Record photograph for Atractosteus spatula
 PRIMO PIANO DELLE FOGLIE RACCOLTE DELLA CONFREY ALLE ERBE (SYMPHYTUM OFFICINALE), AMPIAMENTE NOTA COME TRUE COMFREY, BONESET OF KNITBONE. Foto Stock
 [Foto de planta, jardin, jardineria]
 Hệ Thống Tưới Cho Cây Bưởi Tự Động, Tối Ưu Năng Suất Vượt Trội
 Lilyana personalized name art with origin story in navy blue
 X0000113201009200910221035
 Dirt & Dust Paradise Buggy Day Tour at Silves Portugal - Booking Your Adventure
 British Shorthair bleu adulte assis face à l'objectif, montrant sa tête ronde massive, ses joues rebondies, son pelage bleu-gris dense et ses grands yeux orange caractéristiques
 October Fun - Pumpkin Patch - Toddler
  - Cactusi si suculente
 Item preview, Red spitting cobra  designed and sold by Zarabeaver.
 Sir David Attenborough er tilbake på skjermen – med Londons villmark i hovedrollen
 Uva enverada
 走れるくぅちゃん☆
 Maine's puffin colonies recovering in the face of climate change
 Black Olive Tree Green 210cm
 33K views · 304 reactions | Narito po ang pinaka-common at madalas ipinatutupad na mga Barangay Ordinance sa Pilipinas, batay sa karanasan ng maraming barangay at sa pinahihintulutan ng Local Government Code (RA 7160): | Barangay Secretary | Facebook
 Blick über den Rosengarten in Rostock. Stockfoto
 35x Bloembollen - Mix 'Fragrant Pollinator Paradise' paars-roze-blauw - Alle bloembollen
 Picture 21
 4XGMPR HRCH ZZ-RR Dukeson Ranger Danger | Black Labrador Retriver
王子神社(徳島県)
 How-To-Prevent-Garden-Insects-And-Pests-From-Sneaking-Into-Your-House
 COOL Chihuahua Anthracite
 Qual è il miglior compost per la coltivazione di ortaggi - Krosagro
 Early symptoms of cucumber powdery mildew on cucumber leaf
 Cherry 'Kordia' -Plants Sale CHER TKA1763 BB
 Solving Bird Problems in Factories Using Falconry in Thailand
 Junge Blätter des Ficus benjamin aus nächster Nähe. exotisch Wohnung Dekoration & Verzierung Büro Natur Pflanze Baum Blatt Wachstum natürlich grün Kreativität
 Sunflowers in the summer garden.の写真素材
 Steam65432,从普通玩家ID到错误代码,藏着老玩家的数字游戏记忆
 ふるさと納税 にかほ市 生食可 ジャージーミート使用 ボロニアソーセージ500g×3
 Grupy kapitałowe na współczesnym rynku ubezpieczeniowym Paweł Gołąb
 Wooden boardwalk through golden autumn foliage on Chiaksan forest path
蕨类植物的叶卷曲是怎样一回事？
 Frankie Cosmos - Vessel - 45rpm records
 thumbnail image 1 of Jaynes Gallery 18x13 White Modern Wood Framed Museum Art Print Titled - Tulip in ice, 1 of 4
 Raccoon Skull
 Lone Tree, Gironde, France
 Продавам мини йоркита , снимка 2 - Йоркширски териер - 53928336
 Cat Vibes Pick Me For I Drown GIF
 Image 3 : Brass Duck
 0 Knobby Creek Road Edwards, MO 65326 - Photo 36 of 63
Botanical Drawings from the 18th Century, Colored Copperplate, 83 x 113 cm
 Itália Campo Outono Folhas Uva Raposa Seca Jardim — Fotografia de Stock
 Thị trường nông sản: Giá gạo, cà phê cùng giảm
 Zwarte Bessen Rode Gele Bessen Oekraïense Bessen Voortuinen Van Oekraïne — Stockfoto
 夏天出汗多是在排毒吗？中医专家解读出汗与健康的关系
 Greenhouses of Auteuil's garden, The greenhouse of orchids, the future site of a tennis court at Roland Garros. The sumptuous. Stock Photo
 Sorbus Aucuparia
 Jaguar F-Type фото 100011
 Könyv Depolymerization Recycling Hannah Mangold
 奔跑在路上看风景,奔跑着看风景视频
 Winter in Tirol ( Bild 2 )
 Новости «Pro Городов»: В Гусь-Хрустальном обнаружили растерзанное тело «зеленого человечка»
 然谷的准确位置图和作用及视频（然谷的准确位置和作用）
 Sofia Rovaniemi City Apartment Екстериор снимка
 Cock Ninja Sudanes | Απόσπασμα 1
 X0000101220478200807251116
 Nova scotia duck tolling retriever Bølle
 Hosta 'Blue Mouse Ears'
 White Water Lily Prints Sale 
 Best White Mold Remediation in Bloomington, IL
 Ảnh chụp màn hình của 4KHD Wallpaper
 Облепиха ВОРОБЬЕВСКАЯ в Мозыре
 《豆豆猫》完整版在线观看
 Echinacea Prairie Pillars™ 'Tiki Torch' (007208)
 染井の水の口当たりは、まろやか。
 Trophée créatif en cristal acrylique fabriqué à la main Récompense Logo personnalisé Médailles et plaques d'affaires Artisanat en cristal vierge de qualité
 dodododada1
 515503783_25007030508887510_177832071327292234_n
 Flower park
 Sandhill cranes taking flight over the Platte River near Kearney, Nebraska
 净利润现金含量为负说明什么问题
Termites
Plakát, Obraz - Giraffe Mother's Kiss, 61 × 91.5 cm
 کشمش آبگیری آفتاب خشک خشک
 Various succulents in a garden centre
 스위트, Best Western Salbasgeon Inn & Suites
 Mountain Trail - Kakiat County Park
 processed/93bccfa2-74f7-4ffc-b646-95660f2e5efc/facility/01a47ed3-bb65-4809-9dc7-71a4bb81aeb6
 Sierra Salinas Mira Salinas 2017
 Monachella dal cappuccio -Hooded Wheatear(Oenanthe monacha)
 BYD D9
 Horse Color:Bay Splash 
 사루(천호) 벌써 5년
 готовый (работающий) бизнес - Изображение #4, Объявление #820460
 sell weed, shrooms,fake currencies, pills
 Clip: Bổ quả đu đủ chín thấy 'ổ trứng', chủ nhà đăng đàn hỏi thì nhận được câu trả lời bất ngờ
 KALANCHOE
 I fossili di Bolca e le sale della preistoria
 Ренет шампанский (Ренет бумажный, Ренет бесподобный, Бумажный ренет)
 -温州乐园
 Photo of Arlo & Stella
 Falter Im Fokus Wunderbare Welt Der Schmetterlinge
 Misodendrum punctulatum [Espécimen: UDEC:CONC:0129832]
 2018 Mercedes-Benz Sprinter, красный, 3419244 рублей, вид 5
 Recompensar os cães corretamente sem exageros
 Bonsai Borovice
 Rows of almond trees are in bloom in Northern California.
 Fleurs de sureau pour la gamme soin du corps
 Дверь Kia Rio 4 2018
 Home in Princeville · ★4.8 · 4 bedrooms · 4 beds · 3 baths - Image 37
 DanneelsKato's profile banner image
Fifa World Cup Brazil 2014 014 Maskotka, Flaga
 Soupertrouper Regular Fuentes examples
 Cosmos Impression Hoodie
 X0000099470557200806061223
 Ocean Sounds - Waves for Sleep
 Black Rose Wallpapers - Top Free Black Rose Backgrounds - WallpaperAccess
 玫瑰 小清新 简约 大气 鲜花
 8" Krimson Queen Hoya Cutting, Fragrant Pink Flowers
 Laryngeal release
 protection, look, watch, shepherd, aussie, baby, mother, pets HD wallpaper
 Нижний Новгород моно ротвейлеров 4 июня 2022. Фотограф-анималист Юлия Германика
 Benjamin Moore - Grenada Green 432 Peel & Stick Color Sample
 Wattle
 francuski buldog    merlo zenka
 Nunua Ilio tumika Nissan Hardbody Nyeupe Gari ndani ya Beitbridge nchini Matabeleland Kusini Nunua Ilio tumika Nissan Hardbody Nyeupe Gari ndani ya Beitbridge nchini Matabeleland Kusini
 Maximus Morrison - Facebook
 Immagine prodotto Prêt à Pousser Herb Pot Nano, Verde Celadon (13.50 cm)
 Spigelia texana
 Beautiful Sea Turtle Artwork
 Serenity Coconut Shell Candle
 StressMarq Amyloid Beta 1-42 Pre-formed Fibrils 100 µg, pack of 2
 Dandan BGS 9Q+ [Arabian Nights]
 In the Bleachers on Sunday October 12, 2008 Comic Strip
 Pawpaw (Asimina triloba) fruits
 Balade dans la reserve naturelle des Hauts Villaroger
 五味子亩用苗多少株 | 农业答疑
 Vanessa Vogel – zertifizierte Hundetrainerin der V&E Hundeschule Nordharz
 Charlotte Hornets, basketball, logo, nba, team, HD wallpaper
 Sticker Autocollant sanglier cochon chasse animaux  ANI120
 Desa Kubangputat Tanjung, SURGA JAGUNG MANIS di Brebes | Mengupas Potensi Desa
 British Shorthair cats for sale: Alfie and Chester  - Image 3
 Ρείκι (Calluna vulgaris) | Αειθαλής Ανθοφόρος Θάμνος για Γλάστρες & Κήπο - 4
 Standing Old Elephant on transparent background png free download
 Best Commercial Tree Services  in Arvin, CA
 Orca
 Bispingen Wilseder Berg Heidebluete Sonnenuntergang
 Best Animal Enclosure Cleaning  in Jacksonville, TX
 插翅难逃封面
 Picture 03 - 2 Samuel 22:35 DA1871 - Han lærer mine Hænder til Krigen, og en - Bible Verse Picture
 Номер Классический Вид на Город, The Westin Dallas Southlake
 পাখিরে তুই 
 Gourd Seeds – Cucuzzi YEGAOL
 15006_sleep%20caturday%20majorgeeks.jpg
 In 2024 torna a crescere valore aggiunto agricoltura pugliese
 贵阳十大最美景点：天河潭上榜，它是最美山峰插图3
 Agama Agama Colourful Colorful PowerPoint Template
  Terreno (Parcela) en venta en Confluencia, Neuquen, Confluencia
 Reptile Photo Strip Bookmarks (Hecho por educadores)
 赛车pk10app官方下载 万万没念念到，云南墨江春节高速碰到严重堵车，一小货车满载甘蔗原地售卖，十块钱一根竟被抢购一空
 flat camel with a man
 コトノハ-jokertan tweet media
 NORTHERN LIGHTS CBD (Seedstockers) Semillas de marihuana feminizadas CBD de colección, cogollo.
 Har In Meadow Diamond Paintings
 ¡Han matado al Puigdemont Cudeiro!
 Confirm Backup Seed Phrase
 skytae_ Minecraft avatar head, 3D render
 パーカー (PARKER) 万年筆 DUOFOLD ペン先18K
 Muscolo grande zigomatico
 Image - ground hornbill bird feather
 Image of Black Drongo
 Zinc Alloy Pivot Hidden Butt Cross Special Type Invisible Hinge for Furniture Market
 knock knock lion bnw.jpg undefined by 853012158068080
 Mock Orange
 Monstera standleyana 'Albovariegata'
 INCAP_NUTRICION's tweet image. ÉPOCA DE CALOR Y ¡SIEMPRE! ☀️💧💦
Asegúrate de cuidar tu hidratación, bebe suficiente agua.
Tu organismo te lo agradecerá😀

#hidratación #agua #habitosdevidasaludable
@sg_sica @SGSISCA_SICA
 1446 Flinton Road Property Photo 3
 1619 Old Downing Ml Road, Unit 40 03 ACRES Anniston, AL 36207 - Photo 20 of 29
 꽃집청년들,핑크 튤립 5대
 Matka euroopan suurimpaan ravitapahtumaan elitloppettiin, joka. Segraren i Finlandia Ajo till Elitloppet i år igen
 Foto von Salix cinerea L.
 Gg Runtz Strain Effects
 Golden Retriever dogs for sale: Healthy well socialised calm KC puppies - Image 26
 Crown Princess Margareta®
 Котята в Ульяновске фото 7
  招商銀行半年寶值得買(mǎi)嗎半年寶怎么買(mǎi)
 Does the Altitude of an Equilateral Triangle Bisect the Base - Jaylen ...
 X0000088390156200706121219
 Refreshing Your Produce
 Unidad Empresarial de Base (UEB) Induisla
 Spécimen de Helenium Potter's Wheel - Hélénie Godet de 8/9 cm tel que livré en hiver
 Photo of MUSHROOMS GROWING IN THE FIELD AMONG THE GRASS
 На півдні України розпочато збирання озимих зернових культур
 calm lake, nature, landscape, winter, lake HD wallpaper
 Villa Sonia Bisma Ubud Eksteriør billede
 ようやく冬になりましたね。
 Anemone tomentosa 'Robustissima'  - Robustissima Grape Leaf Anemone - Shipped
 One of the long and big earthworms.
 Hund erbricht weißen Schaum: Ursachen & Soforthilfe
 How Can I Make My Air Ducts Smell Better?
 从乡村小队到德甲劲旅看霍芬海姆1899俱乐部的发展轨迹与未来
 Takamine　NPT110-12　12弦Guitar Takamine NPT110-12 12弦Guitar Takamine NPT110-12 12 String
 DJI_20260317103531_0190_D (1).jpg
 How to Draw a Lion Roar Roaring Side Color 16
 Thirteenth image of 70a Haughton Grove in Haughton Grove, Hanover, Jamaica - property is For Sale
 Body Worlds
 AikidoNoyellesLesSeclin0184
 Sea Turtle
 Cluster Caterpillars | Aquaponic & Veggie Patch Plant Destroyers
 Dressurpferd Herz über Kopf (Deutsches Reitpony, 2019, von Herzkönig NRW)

*****

TASK REQUIREMENTS: Both the line containing "Junge Blätter des" and the line containing "ふるさと納税 にかほ市 生食可 ジャージーミート使用 ボロニアソーセージ500g×3" belong in the answer. Print them and every line above that falls between them exactly, and no others.

EXERCISE OUTPUT:
 Junge Blätter des Ficus benjamin aus nächster Nähe. exotisch Wohnung Dekoration & Verzierung Büro Natur Pflanze Baum Blatt Wachstum natürlich grün Kreativität
 Sunflowers in the summer garden.の写真素材
 Steam65432,从普通玩家ID到错误代码,藏着老玩家的数字游戏记忆
 ふるさと納税 にかほ市 生食可 ジャージーミート使用 ボロニアソーセージ500g×3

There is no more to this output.